Hoopvolle start van nieuwe ooievaarskolonie

Eerste ooievaarskuiken sinds 1880 in natuurreservaat De Zegge, dat deel uitmaakt van ZOO Antwerpen en ZOO Planckendael

De Zegge was het allereerste natuurreservaat van België toen het in 1952 door de Koninklijke Maatschappij voor Dierkunde van Antwerpen (KMDA) werd aangekocht. Dit veengebied van 115 hectare is het laatste restje Geels Gebroekt, een enorm moeras van ooit 600 ha groot in het overstromingsgebied van de Kleine Nete. Het is een prachtig lappendeken van vennen, vijvers, moerassen, rietvelden, weilanden, heidelandschap en moerasbos. Een stukje natuurbehoud in eigen land!

Overvloed

De terugkeer van de ooievaars in dit veenlandschap is een goed teken voor de biodiversiteit. Tot nu toe vlogen de vogels tijdens hun trek over het reservaat om zich in Nederland te nestelen. De kans dat de ooievaars daadwerkelijk spontaan de nesten gingen bezetten én tot broedsucces zouden komen, werd laag ingeschat.
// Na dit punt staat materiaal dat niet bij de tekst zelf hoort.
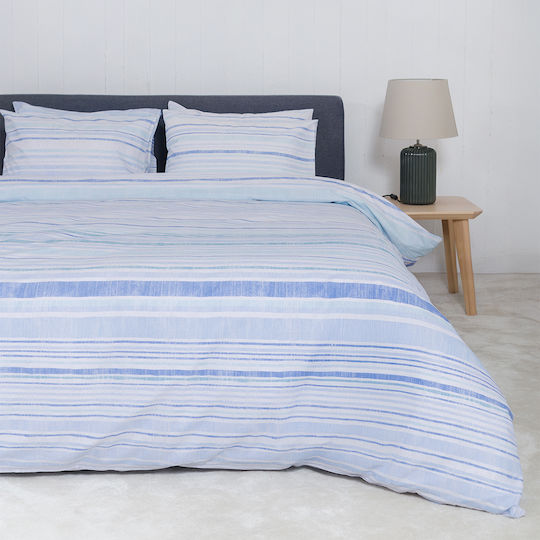Duvet Cover Double Set 225x245 2 Sided Naf-naf Summit 151 Vinson Blue
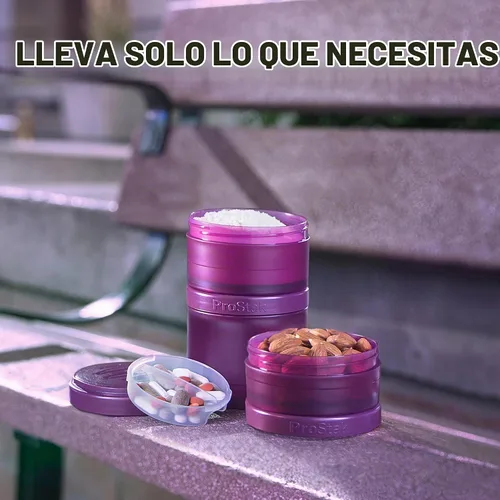 Vista 6 de Sistema BlenderBottle ProStak con botella de 22 onzas y almacenaje de giro y bloqueo, Gris (Pebble Gray)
Toch verleidde de vijf nieuwe nestplatformen en de aanwezigheid van voldoende voedsel in de omliggende weilanden de vogels om hier hun nestgebied te maken. Buiten het nestelend koppel foerageren er nog zo’n twaalf jonge vogels in het omliggende landbouwgebied waar ze vooral insecten, regenwormen, muizen, mollen en ratten verorberen. De ouders van het kuikens zijn nog onbekende, jonge dieren zonder ring.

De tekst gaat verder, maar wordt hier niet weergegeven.